[Work to be completed] Only the lines from the one with "Frank A. Barney" through the end of the data below belong in the answer, restated word for word, pictures excluded.

[Data provided]
'''

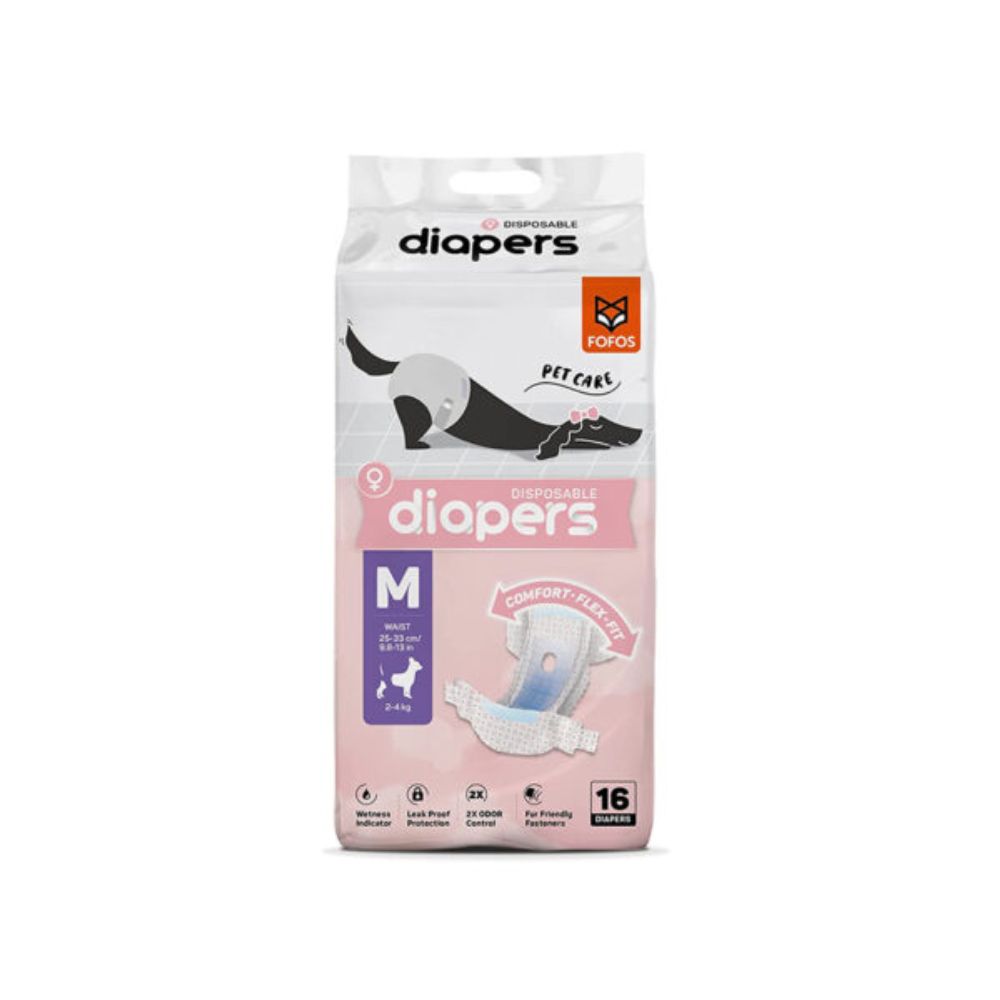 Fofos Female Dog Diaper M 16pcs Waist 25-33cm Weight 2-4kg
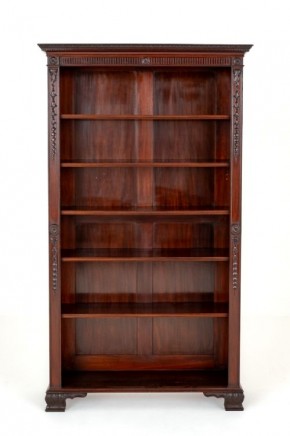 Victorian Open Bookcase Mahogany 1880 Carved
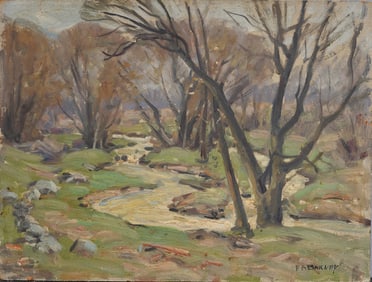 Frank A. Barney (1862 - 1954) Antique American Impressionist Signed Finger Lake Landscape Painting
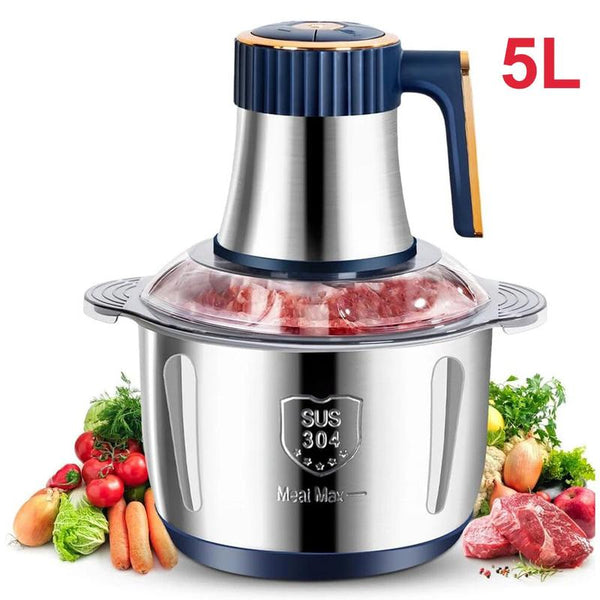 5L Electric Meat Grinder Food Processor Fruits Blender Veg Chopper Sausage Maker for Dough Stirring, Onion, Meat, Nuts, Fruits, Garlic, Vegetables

'''

[Output]
 Frank A. Barney (1862 - 1954) Antique American Impressionist Signed Finger Lake Landscape Painting
 5L Electric Meat Grinder Food Processor Fruits Blender Veg Chopper Sausage Maker for Dough Stirring, Onion, Meat, Nuts, Fruits, Garlic, Vegetables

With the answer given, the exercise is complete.